A failing in 3d gradients?

[bmrick]

So my question is regarding the gradient of a function. Suppose we have a function expressed In cylindrical coordinates. Its expressed as z=rcos2@

I expressed the equation in cylindrical, but for the sake of my logic I'll now talk about it in cartesian. It appears that dz/dx and dz/dy at the origin are both equal to one, and so the gradient would imply (back into cylindrical coordinates) dz\Dr at the 45 degree angle is not what the graph implies, What am I missing here?

It seems to me that d(dz/ dr) \d@ is still valid as a gradient?

Isn't the argument of the gradient in cartesian that dz/dy should not change much over small changes in x, and yet this is not true in this example.

 

[FactChecker]

You have an example of a function that has partial derivatives on the x and y axes at the origin, but is not differentiable. There are fairly simple functions that have directional derivatives on any streight line through the origin, but do not have a Jacobian differential. (see http://en.wikipedia.org/wiki/Differentiable_function#Differentiability_in_higher_dimensions)

 

[HallsofIvy]

The gradient, whether in one or several variables, is a derivative, not a second derivative, like your "d(dz/dr)/d@".

 

[WWGD]

So my question is regarding the gradient of a function. Suppose we have a function expressed In cylindrical coordinates. Its expressed as z=rcos2@

I expressed the equation in cylindrical, but for the sake of my logic I'll now talk about it in cartesian.

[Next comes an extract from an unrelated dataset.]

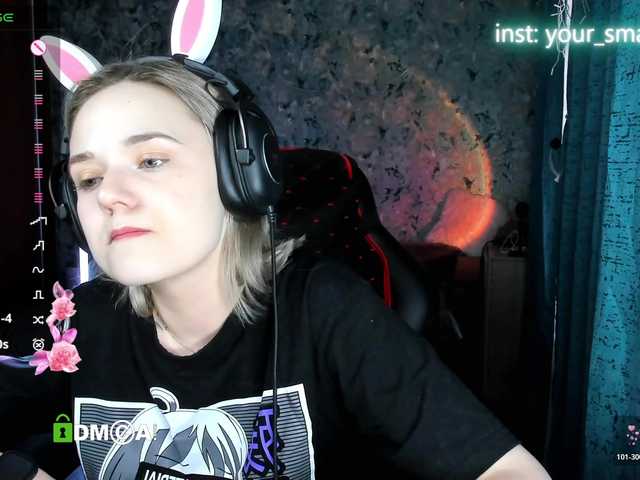 your-small-bunny cam belle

It appears that dz/dx and dz/dy at the origin are both equal to one, and so the gradient would imply (back into cylindrical coordinates) dz\Dr at the 45 degree angle is not what the graph implies, What am I missing here?

It seems to me that d(dz/ dr) \d@ is still valid as a gradient?

Isn't the argument of the gradient in cartesian that dz/dy should not change much over small changes in x, and yet this is not true in this example.

If I understood correctly, this is true only when the gradient itself is continuous.